# Just passed my EMT class....



## code3suby (Dec 17, 2010)

I was wondering what practice exam books are popular, and would help me prepare for the nremt exam.  I have seen a few at local book stores, but i read some reviews stating that they are out dated.  Any help would be great!! thanks.


----------



## Hypochondriac (Dec 17, 2010)

code3suby said:


> I was wondering what practice exam books are popular, and would help me prepare for the nremt exam.  I have seen a few at local book stores, but i read some reviews stating that they are out dated.  Any help would be great!! thanks.



Which text book did you use in class? We used Brady Emergency Care. So the practice book for that seems to be "Success for the EMT" There is also www.emtb.com that has a few practice questions


----------



## code3suby (Dec 20, 2010)

Hypochondriac said:


> Which text book did you use in class? We used Brady Emergency Care. So the practice book for that seems to be "Success for the EMT" There is also www.emtb.com that has a few practice questions



We used "Emergency Care and Transportation of the Sick and Injured" by AAOS.. I was looking at some practice exam books from Barnes and Nobles, but they are about $50... I was just wondering if anybody on here would know which one has the most success in helping pass the national exam.. thanks!!


----------



## RoadZOmbie (Dec 20, 2010)

Have u taken a look at the jb learning test prep for the emt basic? We used the AAOS orange 10th edition and it helped out alot when it came to quiz time.


----------



## code3suby (Dec 20, 2010)

RoadZOmbie said:


> Have u taken a look at the jb learning test prep for the emt basic? We used the AAOS orange 10th edition and it helped out alot when it came to quiz time.



i have not... is that part of the emszone website that corresponds with the book?


----------



## Aprz (Dec 20, 2010)

I recommend just walking in and taking the test unless it's been awhile since you graduated, which it doesn't sound like it. I notice that the shorter time between taking the NREMT and passing EMT, the more people pass. The EMT class itself is probably the best way to prepare, and the longer you wait, the more you'll forget, and the more likely you'll fail. At least that's what I have observed.


----------



## CodyHolt83 (Dec 20, 2010)

I loved using EMTB.Com.   It was more helpful than the book, in my opinion, during the NREMT exam.  I used the "Registry Review'' section and only went 89 questions.  It really made me feel like I knew the material, and the question format was dead-on!  Good luck.


----------



## RoadZOmbie (Dec 20, 2010)

code3suby said:


> i have not... is that part of the emszone website that corresponds with the book?



Not directly, but the JB TEST PREP. is associated with the AAOS books. It's 33.95. There's a good amount of material on every category you will be tested on.

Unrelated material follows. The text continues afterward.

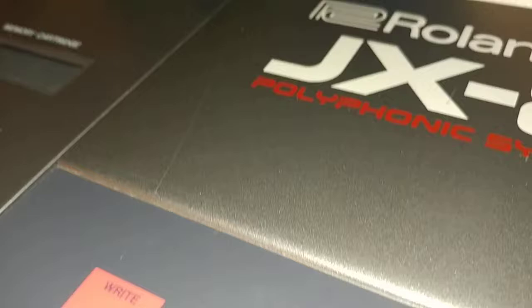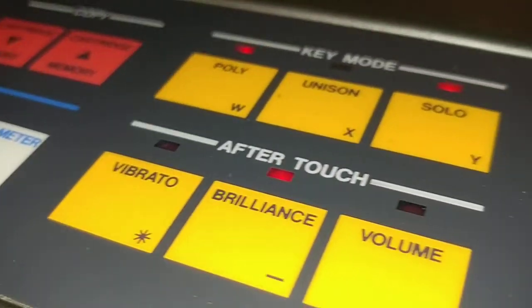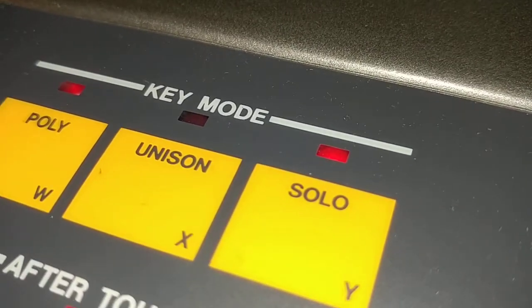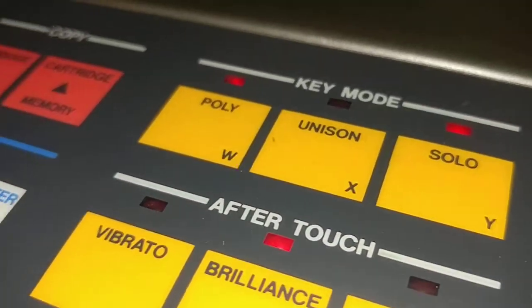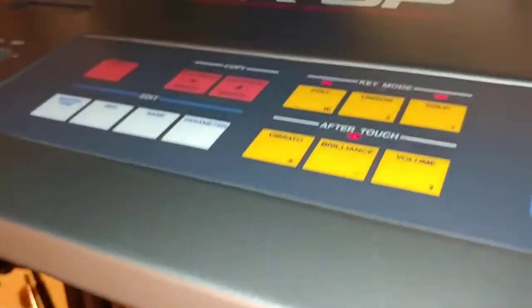Fun and games with a Roland JX-8P. This one has some interesting things going on. First of all, the solo light never goes out, even though it's not in solo mode — that's kind of minor. The pitch wheel only goes up no matter which way you move it. And there's no sound output.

http://www.jblearning.com/catalog/9780763757830/


----------



## code3suby (Dec 20, 2010)

Thanks guys!! I will look into all of this... Aprz, you are right I'm scheduling a test date for the next opening date. Thanks again, I will let you all know how I did.


----------



## BalvinoEMT (Dec 29, 2010)

CodyHolt83 said:


> I loved using EMTB.Com.   It was more helpful than the book, in my opinion, during the NREMT exam.  I used the "Registry Review'' section and only went 89 questions.  It really made me feel like I knew the material, and the question format was dead-on!  Good luck.



I agree


----------